*PROBLEM TO WORK ON*: Here, set down only the lines between the line that contains "sissy maid satin" and the final line of the material, both included, exactly as written. Skip the pictures.

*** RAW DATA Section Begins ***

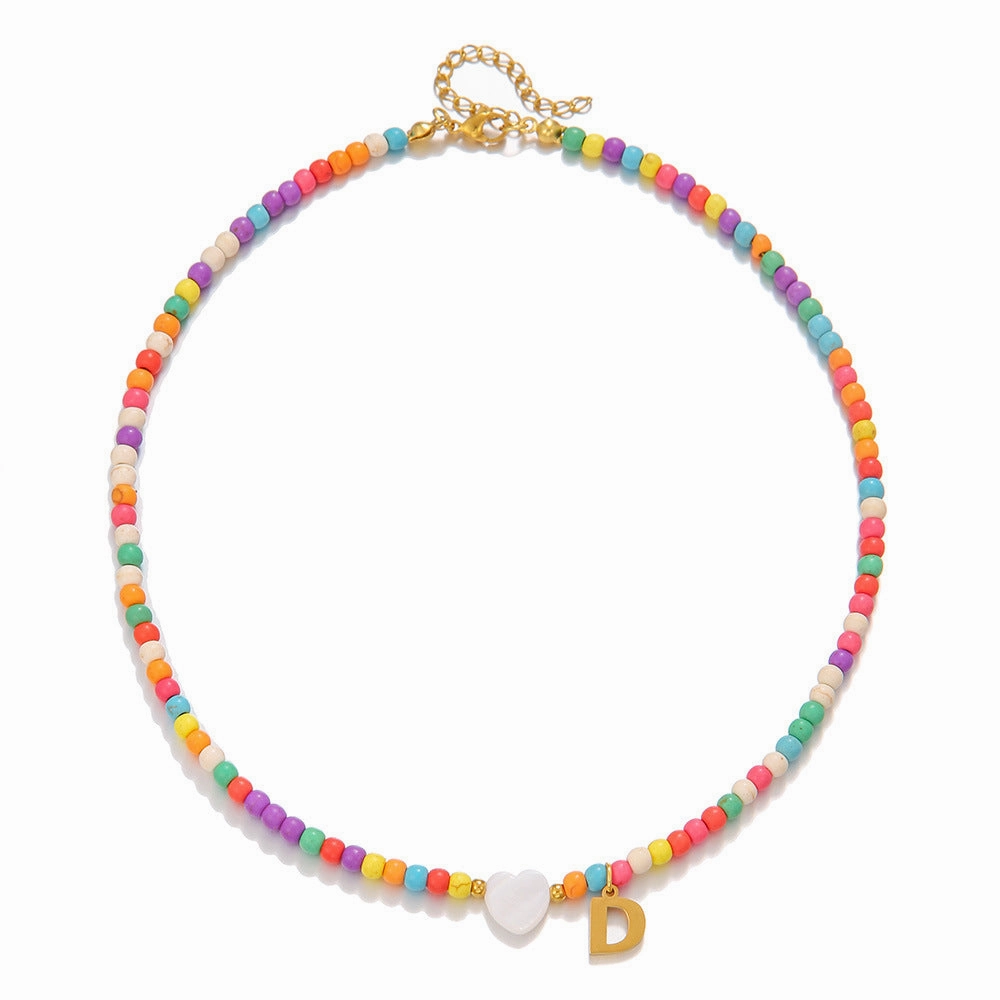 Wholesale stainless steel letter necklace mixed color turquoise shell love clavicle chain DIY hot fashion necklace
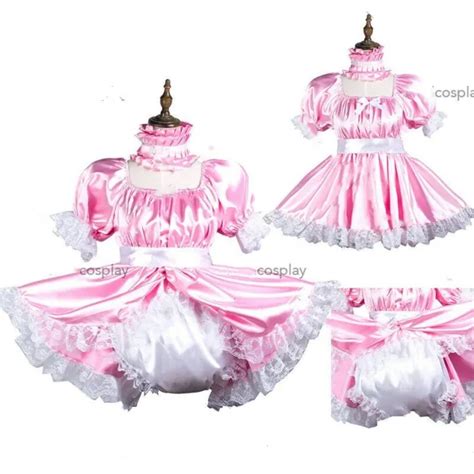 sissy maid satin dress lockable cosplay costume tailor made 32 49 picclick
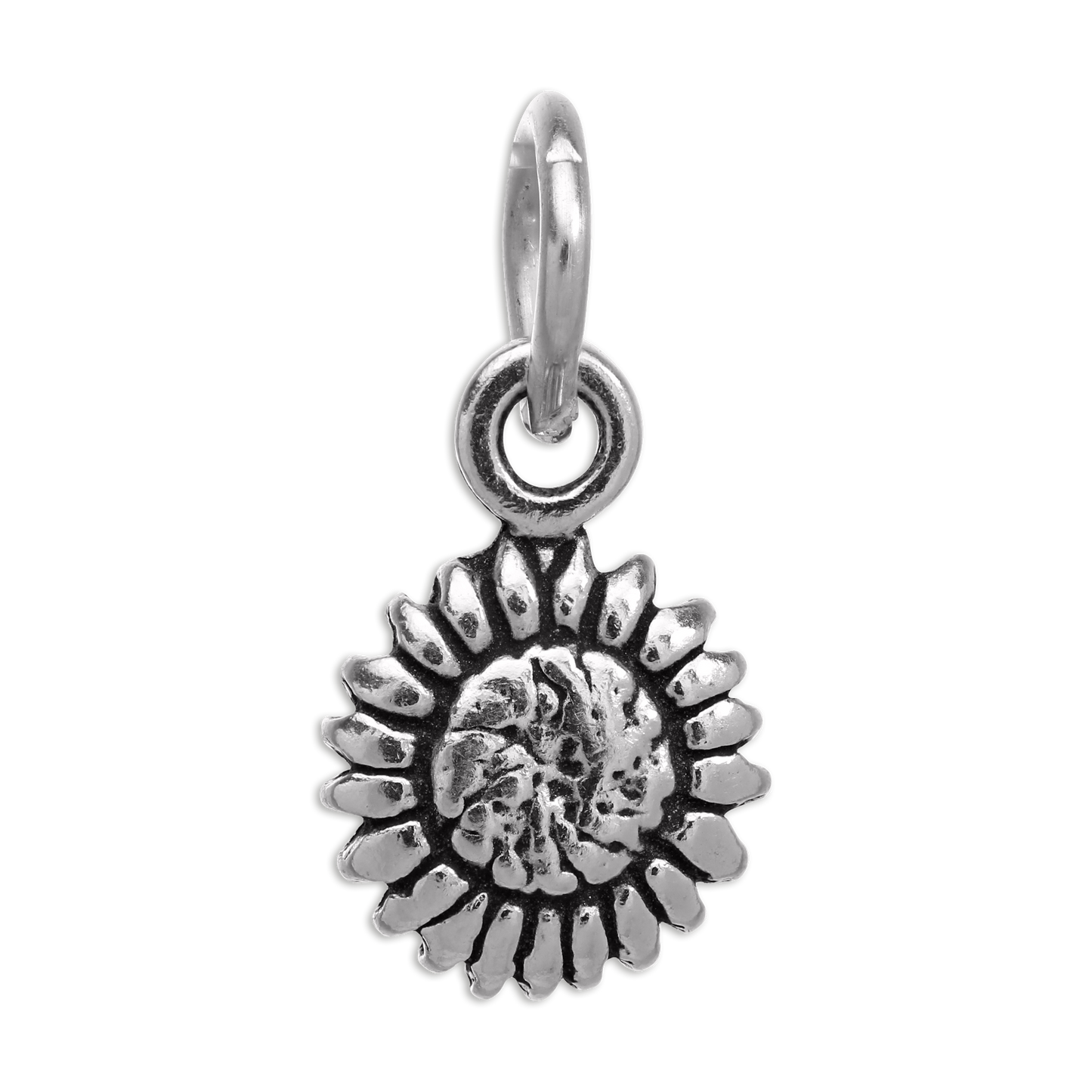 Tiny Sterling Silver Flat Sunflower Charm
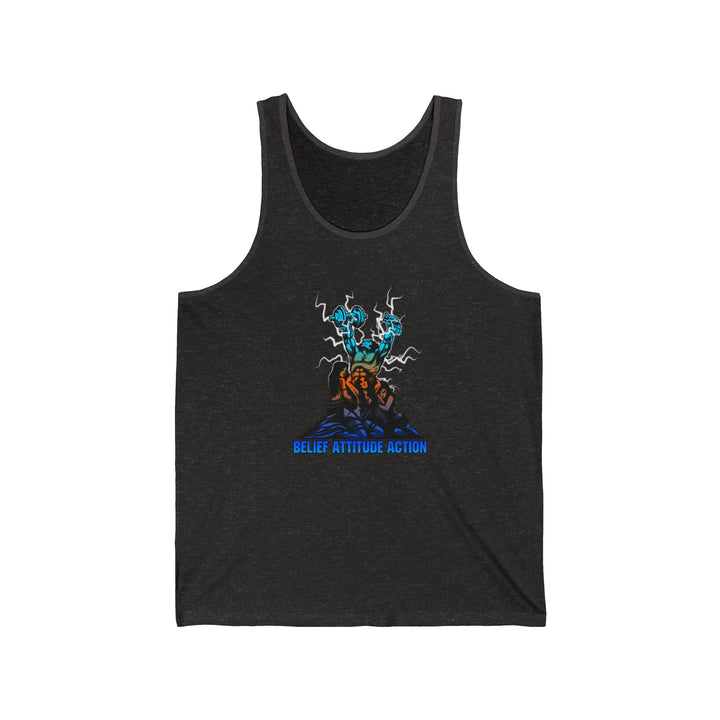 CG CONFIDENCE MAN   BLUE ORANGE AQUA FADE /BELIEF ATTITUDE ACTION
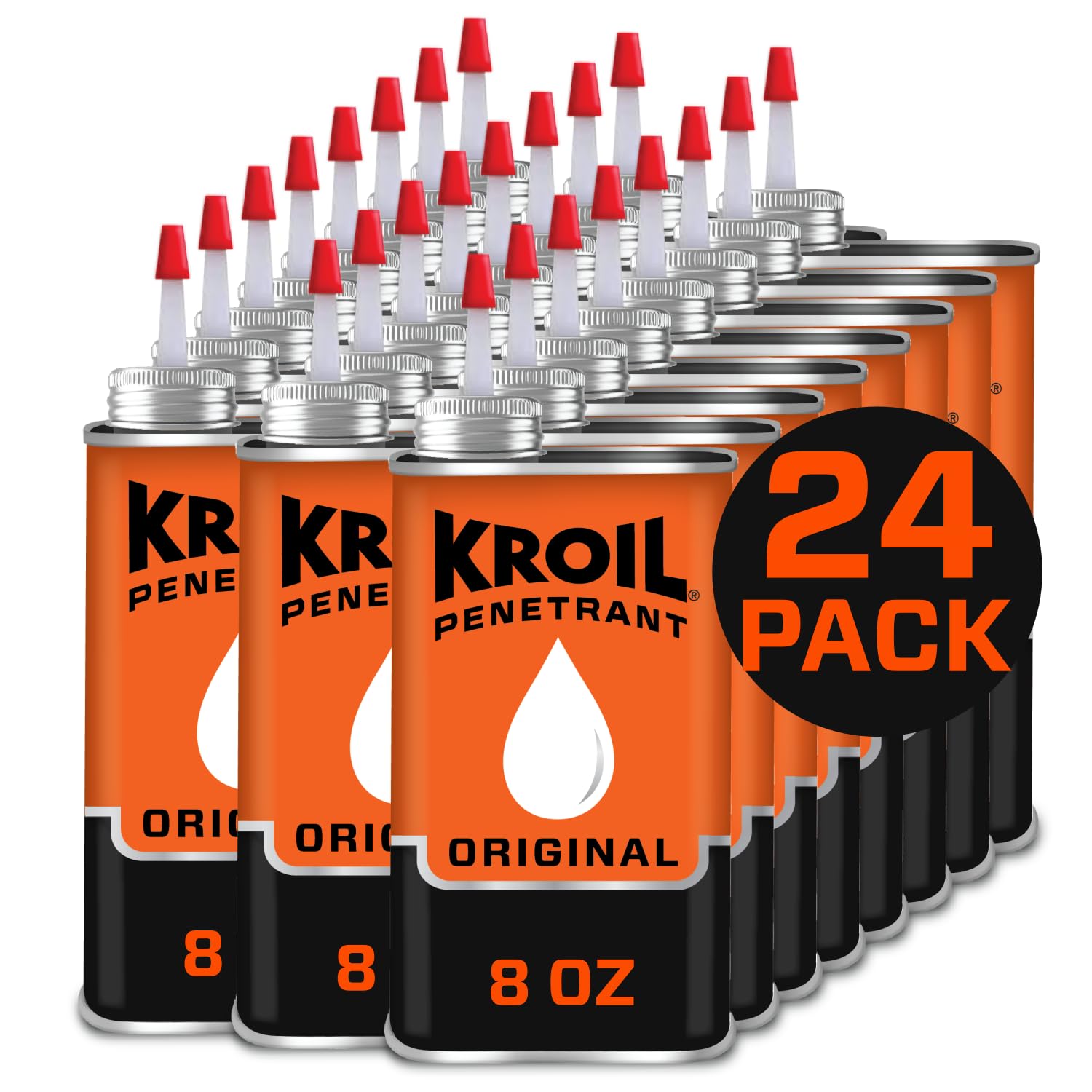 Kroil Original Penetrating Oil (Drip-8oz Can-Case of 24) | Penetrant for Rusted Bolts, Metal, Hinges, Chains, Moving Parts | Rust, Corrosion Inhibitor (KL081C)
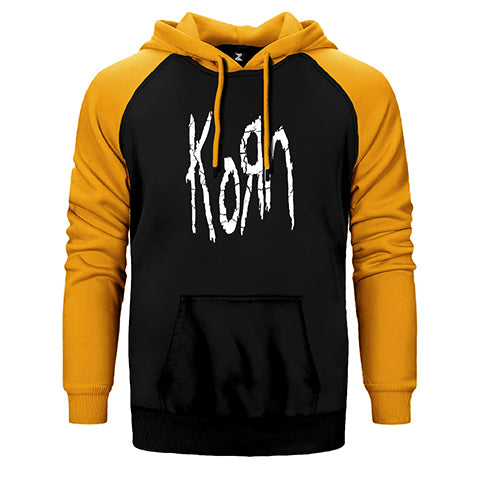 Korn Logo Çift Renk Reglan Kol Sweatshirt / Hoodie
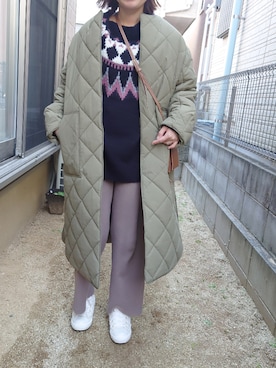 「Mila Owen（ミラオーウェン）のアイテム（ノーカラーコート）」を使った、RRUmamaさん（レディース・157cm）の冬コーディネート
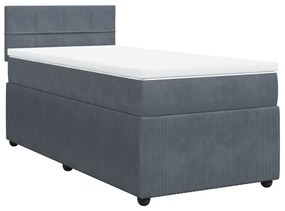 Κρεβάτι Boxspring με Στρώμα Σκούρο Γκρι 100x200 εκ. Βελούδινο - Γκρι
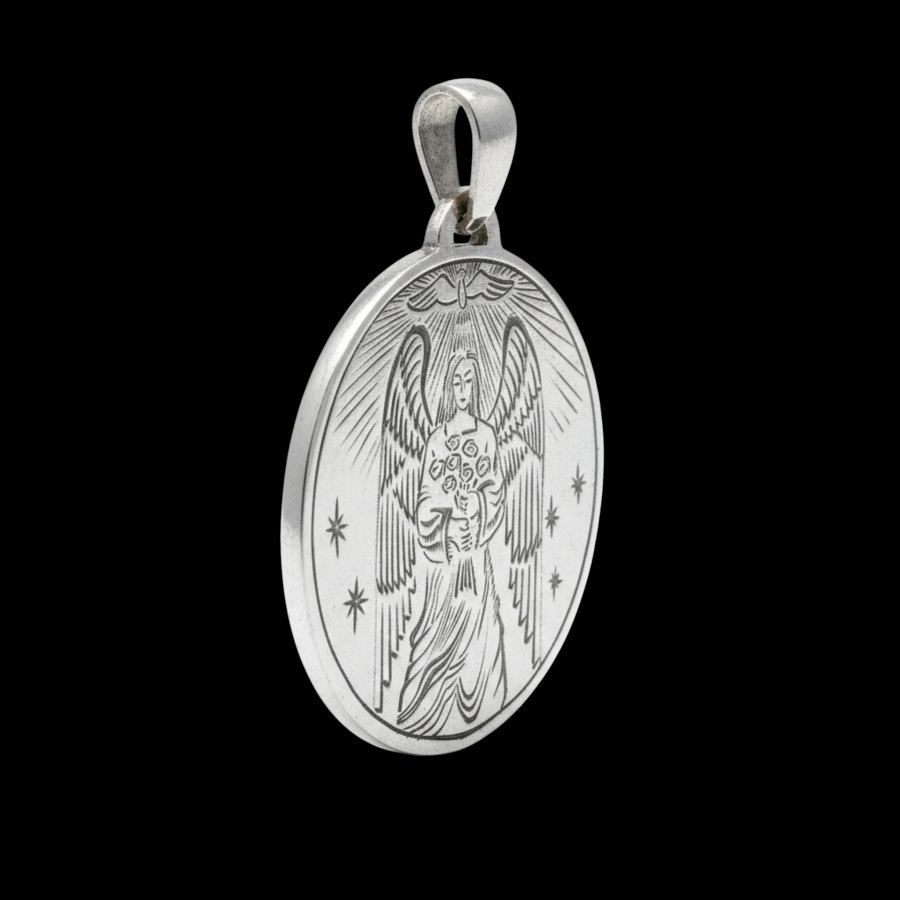 Dije Sello Arcangel Gabriel En Plata 4 X 3 Cm 9,1 Gr Art 552 - Imagen 3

*** RAW DATA Section Ends ***

*ANSWER TO THIS TASK*:
 sissy maid satin dress lockable cosplay costume tailor made 32 49 picclick
 Tiny Sterling Silver Flat Sunflower Charm
 CG CONFIDENCE MAN   BLUE ORANGE AQUA FADE /BELIEF ATTITUDE ACTION
 Kroil Original Penetrating Oil (Drip-8oz Can-Case of 24) | Penetrant for Rusted Bolts, Metal, Hinges, Chains, Moving Parts | Rust, Corrosion Inhibitor (KL081C)
 Korn Logo Çift Renk Reglan Kol Sweatshirt / Hoodie
 「Mila Owen（ミラオーウェン）のアイテム（ノーカラーコート）」を使った、RRUmamaさん（レディース・157cm）の冬コーディネート
 Κρεβάτι Boxspring με Στρώμα Σκούρο Γκρι 100x200 εκ. Βελούδινο - Γκρι
 Dije Sello Arcangel Gabriel En Plata 4 X 3 Cm 9,1 Gr Art 552 - Imagen 3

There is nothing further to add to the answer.